Well, the GPS cost $11.99 per day (she was invaluable- I think a lot more arguments would have cropped up were it not for the GPS telling us where to go.  I must admit I’m not a very good navigator.

The car rental insurance cost us $30 a day.  We really thought car rental insurance would be crucial because the last thing  you want is to have your trip ruined by a motor vehicle accident.  Even a little dent could cost us hundreds of dollars to pay back to the car rental company.

Contrary to popular belief, car rental insurance isn’t actually insurance. It is the coverage of the deductible should the car rental be in a collision causing damage.

Then one day as I was reading my credit card agreement for fun (yes, sadly, reading credit card agreements are my form of entertainment), I came across some of the “perks” of my MBNA Platinum Plus credit card.  One of them was that car rental insurance was included, provided that you pay for the car rental (or portion of it) with the credit card.  Namely this was labeled as “Supplemental Auto Rental Collision Damage“.  It isn’t insurance, but it helps eliminate the high deductible that you would have to pay should the rental car be in an accident causing damage.

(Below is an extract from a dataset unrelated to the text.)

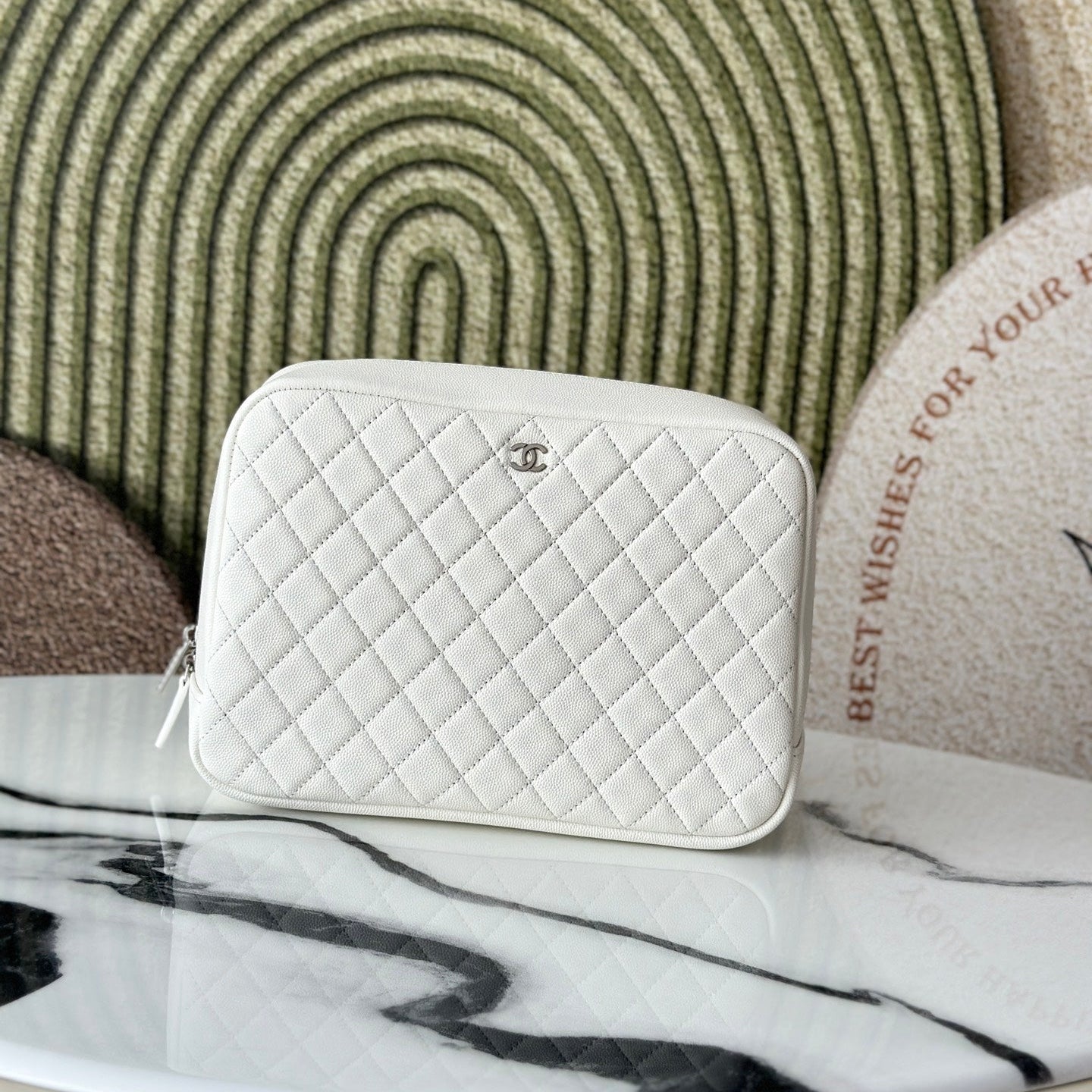 CC Classic Pouch CC Logo Diamond Quilted White Caviar Calfskin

One has to keep in mind that if you say “yes” to the car rental company’s deductible coverage and PAY the $20-$30 a day extra, you say “adios” to any extra coverage that your credit card company might offer.  So it’s either one or the other, not both.

Therefore, it is probably a better idea to save yourself the $30/day and pay for your car rental with your credit card.  The rental car company might ask to keep your credit card on file/with them in their office so that they can use it should you damage the vehicle.  It’s best to bring two credit cards on your trip (I’ve learned this the hard way on my travels- got a call from the Mastercard company one time in South America to notify me that my credit card seemed to be compromised and they will mail me one at home in a few weeks).

If you end up in an accident, the rental car company could charge your card.  You will then need to contact your credit card company (and although it is a laborious and annoying process- it’s worth it to save your money) to submit documents etc. in order to get your claim approved.

Best to check with your credit card company to see how much the coverage is for your rental car before you rent the car.  Usually this extra coverage from the credit card company is with “platinum” cards, “gold” cards etc., so don’t expect the credit card you got approved for while you were a student to give you this perk.  Peace of mind when it comes to traveling is a good thing.

After talking to some of my friends who often rent cars, they were aware that rental car insurance is a “scam” and that most credit card companies can help you out.

Did you know about this?  Was I living under a rock again? At least I know now- I won’t be buying any car rental coverage this time around in Hawaii (but will check with the credit card company first before I go).  I know that credit cards can be a dual edged sword, but I think that if you pay them off with discipline and don’t carry a balance, they can be a great personal finance tool to have.